The package member 41 is made of a rectangular aluminum laminated film, in which, for example, a nylon film, an aluminum foil, and a polyethylene film are bonded together in this order. The package member 41 is, for example, arranged so that the polyethylene film side and the spirally wound electrode body 30 are opposed to each other, and the respective outer edges are contacted to each other by fusion bonding or an adhesive. Adhesive films 42 to protect from outside air intrusion are inserted between the package member 41 and the leads 31 and 32. The adhesive film 42 is made of a material having contact characteristics to the leads 31 and 32 such as a polyolefin resin of polyethylene, polypropylene, modified polyethylene, and modified polypropylene.

The package member 41 may be made of a laminated film having other structure, a high molecular weight film such as polypropylene, or a metal film, instead of the foregoing aluminum laminated film.

FIG. 5 shows a cross section structure taken along line I-I of the spirally wound electrode body 30 shown in FIG. 4. In the spirally wound electrode body 30, the anode 10 and a cathode 33 are layered with a separator 34 and an electrolyte layer 35 in between and wound. The outermost periphery thereof is protected by a protective tape 36.

The anode 10 has a structure in which an anode active material layer 12 is provide on the both faces of an anode current collector 11. The cathode 33 also has a structure in which a cathode active material layer 33B is provided on the both faces of a cathode current collector 33A. Arrangement is made so that the cathode active material layer 33B side is opposed to the anode active material layer 12. The structures of the cathode current collector 33A, the cathode active material layer 33B, and the separator 34 are similar to of the cathode current collector 23A, the cathode active material layer 23B, and the separator 24 respectively described above.

The electrolyte layer 35 is made of a so-called gelatinous electrolyte, in which an electrolytic solution is held in a high molecular weight compound. The gelatinous electrolyte is preferable, since a high ion conductivity can be thereby obtained, and leak of the battery and swollenness of the battery at high temperatures can be thereby prevented. The composition of the electrolytic solution (that is, a solvent and an electrolyte salt) is similar to of the coin-type secondary battery shown in FIG. 3. As a high molecular weight material, for example, polyvinylidene fluoride can be cited.

The secondary battery can be manufactured, for example, as follows.

First, the electrolyte layer 35, in which the electrolytic solution is held in the high molecular weight compound is formed on the anode 10 and the cathode 33, respectively. After that, the lead 31 is attached to the end of the anode current collector 11 by welding, and the lead 32 is attached to the end of the cathode current collector 33A by welding. Next, the anode 10 and the cathode 33 formed with the electrolyte layer 35 are layered with the separator 34 in between to form the lamination. After that, the lamination is wound in the longitudinal direction. The protective tape 36 is adhered to the outermost periphery thereof to form the spirally wound electrode body 30. Lastly, for example, the spirally wound electrode body 30 is sandwiched between the package members 41, and outer edges of the package members 41 are contacted by thermal fusion bonding or the like to enclose the spirally wound electrode body 30. Then, the adhesive films 42 are inserted between the leads 31, 32 and the package member 41. Thereby, the secondary battery shown in FIG. 4 and FIG. 5 is completed.
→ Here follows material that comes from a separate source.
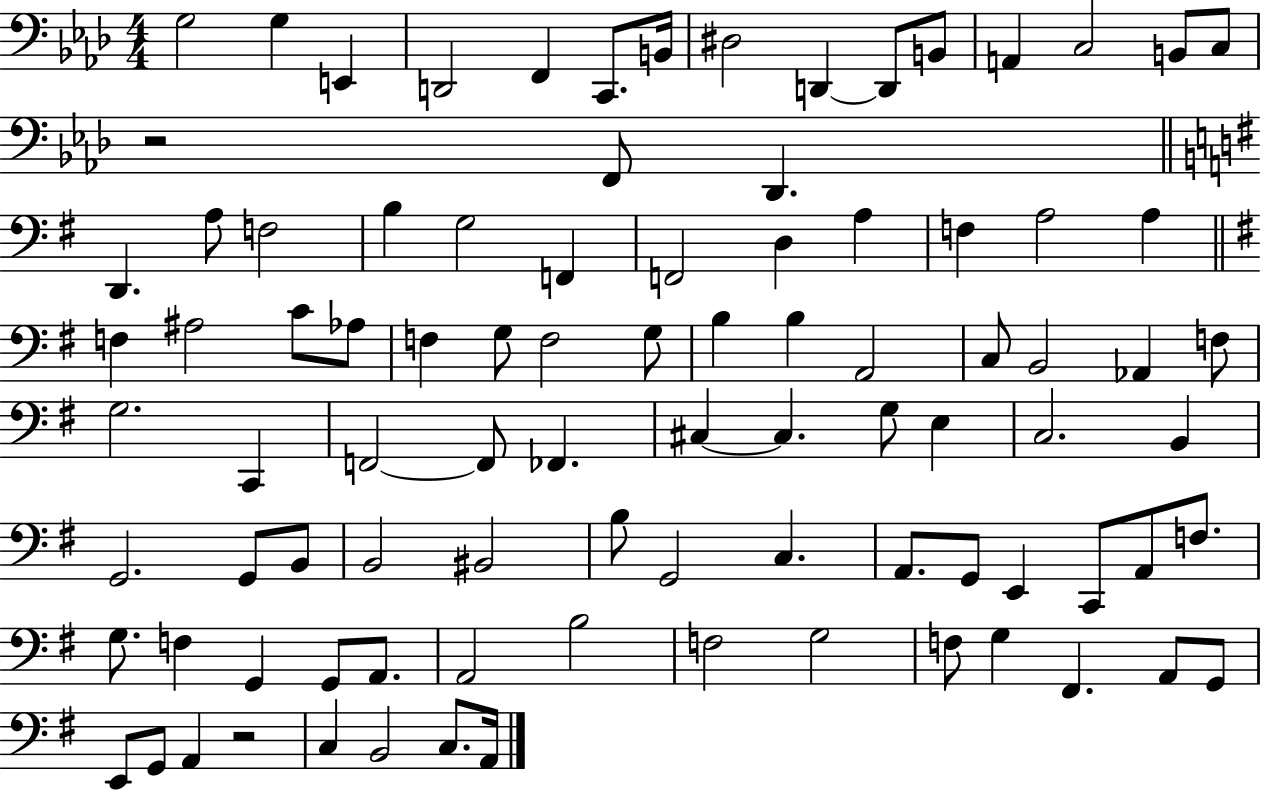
G3/h G3/q E2/q D2/h F2/q C2/e. B2/s D#3/h D2/q D2/e B2/e A2/q C3/h B2/e C3/e R/h F2/e Db2/q. D2/q. A3/e F3/h B3/q G3/h F2/q F2/h D3/q A3/q F3/q A3/h A3/q F3/q A#3/h C4/e Ab3/e F3/q G3/e F3/h G3/e B3/q B3/q A2/h C3/e B2/h Ab2/q F3/e G3/h. C2/q F2/h F2/e FES2/q. C#3/q C#3/q. G3/e E3/q C3/h. B2/q G2/h. G2/e B2/e B2/h BIS2/h B3/e G2/h C3/q. A2/e. G2/e E2/q C2/e A2/e F3/e. G3/e. F3/q G2/q G2/e A2/e. A2/h B3/h F3/h G3/h F3/e G3/q F#2/q. A2/e G2/e E2/e G2/e A2/q R/h C3/q B2/h C3/e. A2/s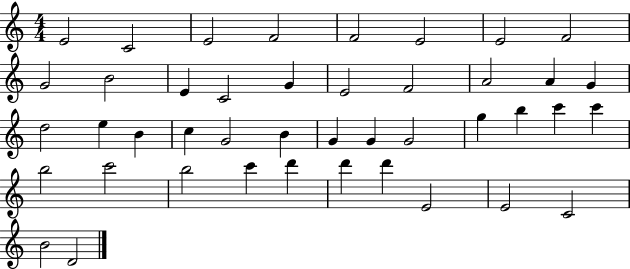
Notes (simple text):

E4/h C4/h E4/h F4/h F4/h E4/h E4/h F4/h G4/h B4/h E4/q C4/h G4/q E4/h F4/h A4/h A4/q G4/q D5/h E5/q B4/q C5/q G4/h B4/q G4/q G4/q G4/h G5/q B5/q C6/q C6/q B5/h C6/h B5/h C6/q D6/q D6/q D6/q E4/h E4/h C4/h B4/h D4/h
The operation of the secondary battery is similar to of the coin-type secondary battery shown in FIG. 3.

As above, according to this embodiment, since the active material particles 12A containing silicon and lithium are bound to each other by sintering or fusing, pulverization due to extraction and insertion of lithium can be inhibited without lowering the capacity. Therefore, a high capacity can be obtained, and the battery characteristics such as cycle characteristics can be improved. Further, since lithium is previously contained in the anode 10, discharge can be started from the first, and the step of charging the battery after assembling the battery can be excluded. Therefore, the manufacturing steps can be simplified, and the manufacturing cost can be lowered.

Further, when the element of the anode current collector 11 is diffused in the anode active material layer 12, the contact characteristics between the anode active material layer 12 and the anode current collector 11 can be improved, and the cycle characteristics can be improved.

In addition, when the interlayer 13 is provided between the anode current collector 11 and the anode active material layer 12, the element of the anode current collector 11 is inhibited from being excessively diffused in the anode active material layer 12, and lowering of the capacity can be inhibited.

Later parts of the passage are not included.